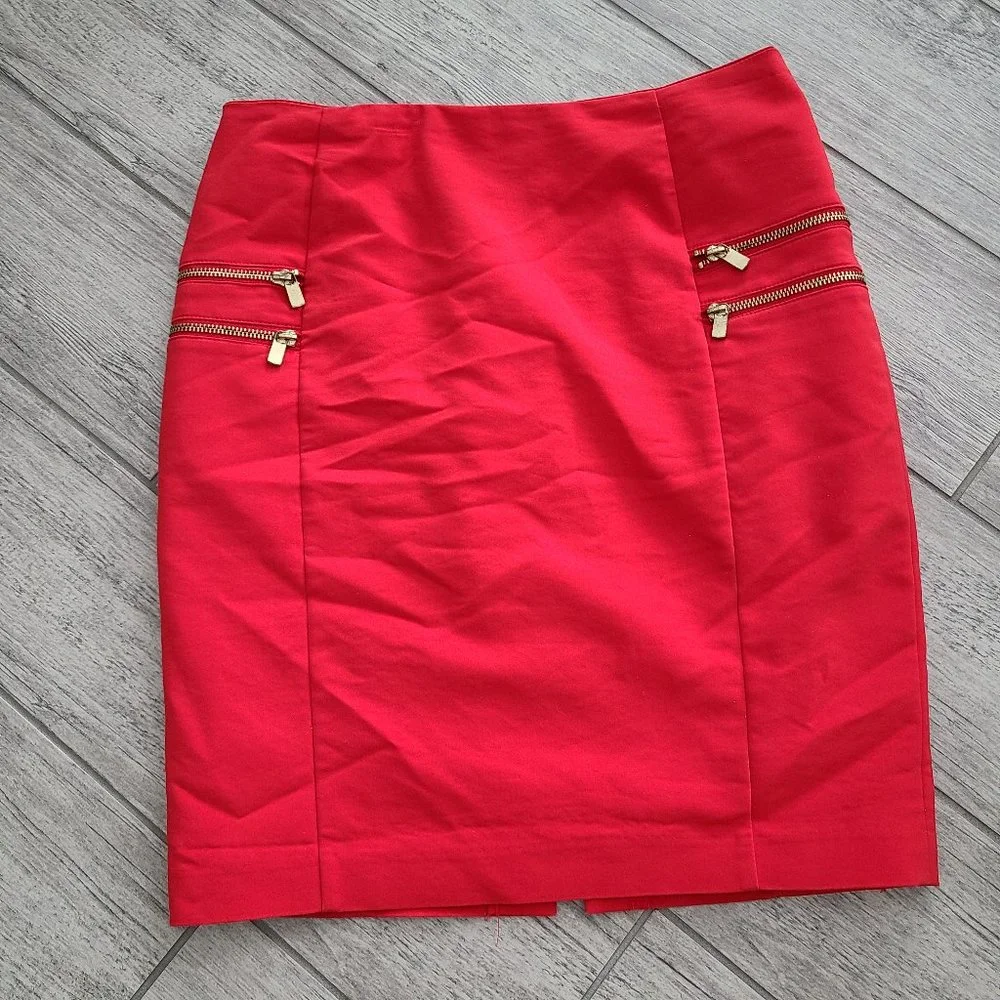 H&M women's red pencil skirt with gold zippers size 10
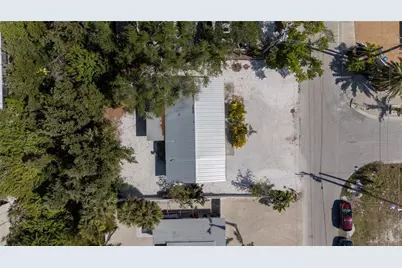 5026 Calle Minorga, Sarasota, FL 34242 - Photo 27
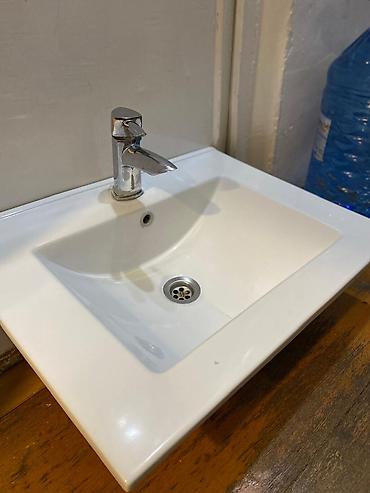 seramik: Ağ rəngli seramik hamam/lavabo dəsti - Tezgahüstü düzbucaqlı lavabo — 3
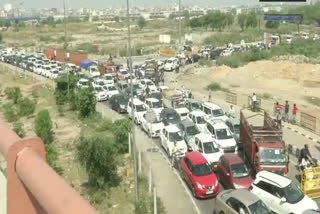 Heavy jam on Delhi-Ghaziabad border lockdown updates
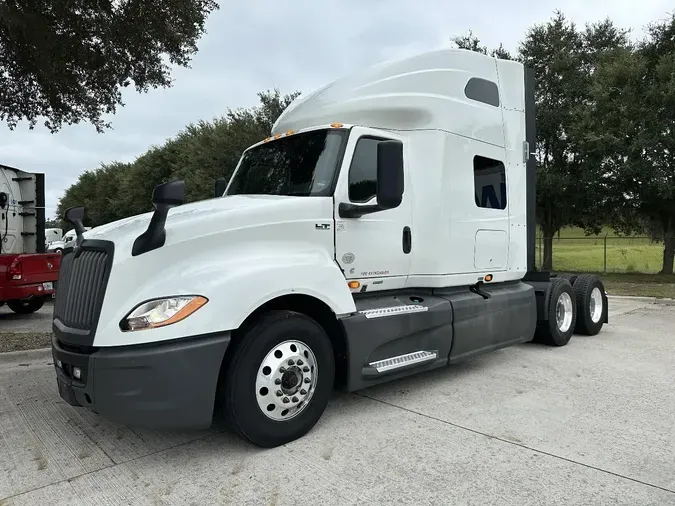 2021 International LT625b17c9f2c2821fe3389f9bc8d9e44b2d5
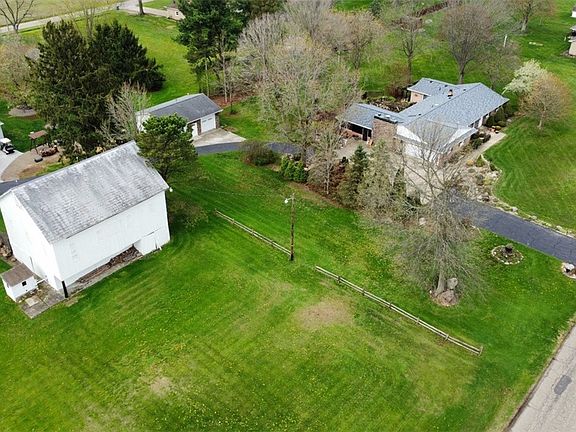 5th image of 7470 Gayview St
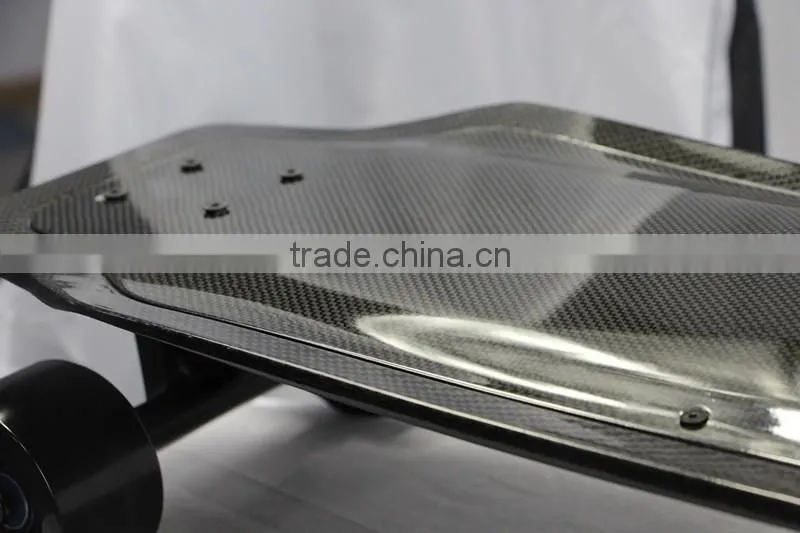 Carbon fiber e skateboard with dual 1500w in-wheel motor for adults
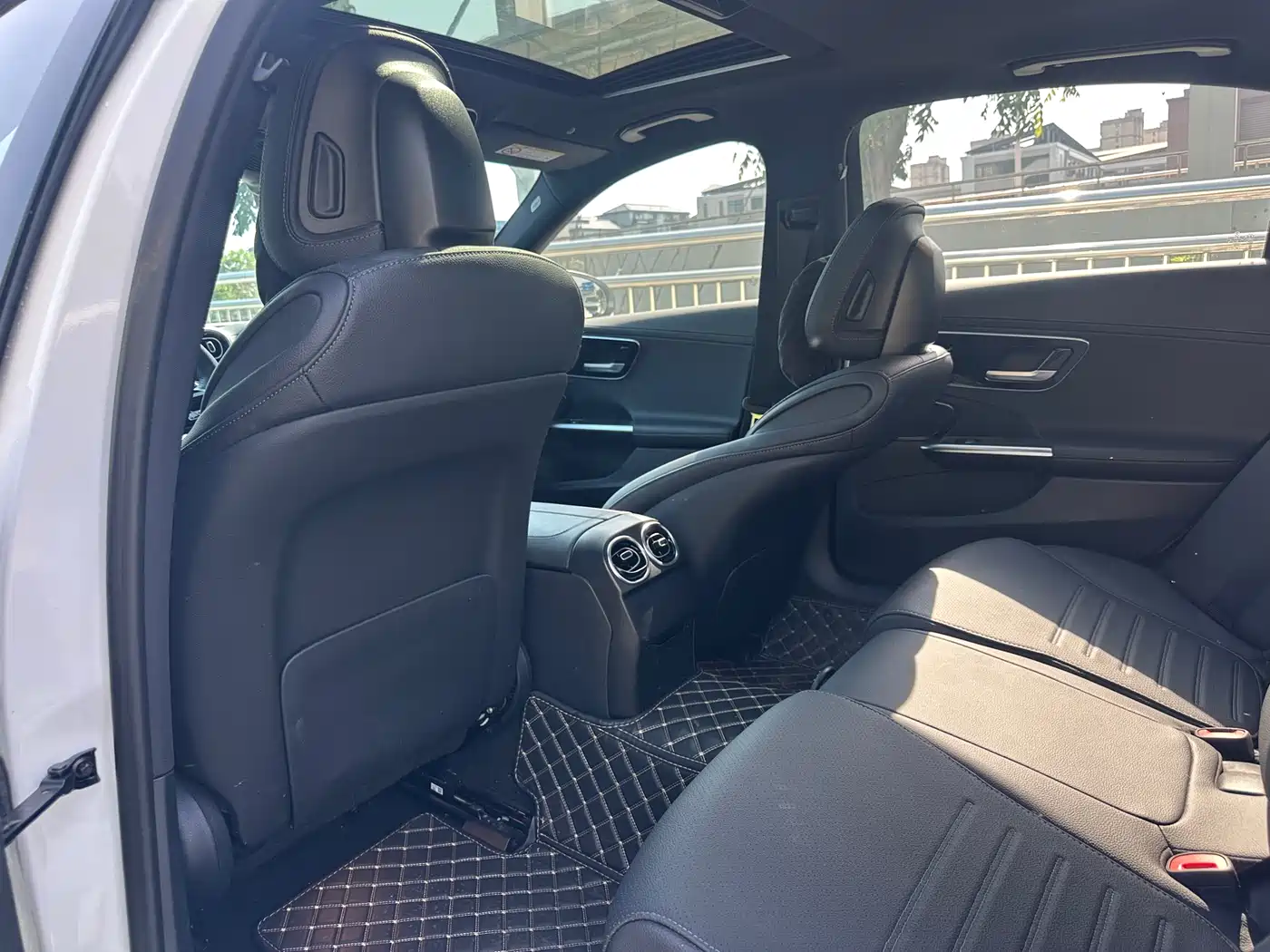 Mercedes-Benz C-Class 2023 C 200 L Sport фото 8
- - - -
YOUR TASK - Give back the whole of the material exactly, with the pictures removed.

RESPONSE -
 H&M women's red pencil skirt with gold zippers size 10
 5026 Calle Minorga, Sarasota, FL 34242 - Photo 27
 seramik: Ağ rəngli seramik hamam/lavabo dəsti - Tezgahüstü düzbucaqlı lavabo — 3
 Heavy jam on Delhi-Ghaziabad border lockdown updates
 2021 International LT625b17c9f2c2821fe3389f9bc8d9e44b2d5
 5th image of 7470 Gayview St
 Carbon fiber e skateboard with dual 1500w in-wheel motor for adults
 Mercedes-Benz C-Class 2023 C 200 L Sport фото 8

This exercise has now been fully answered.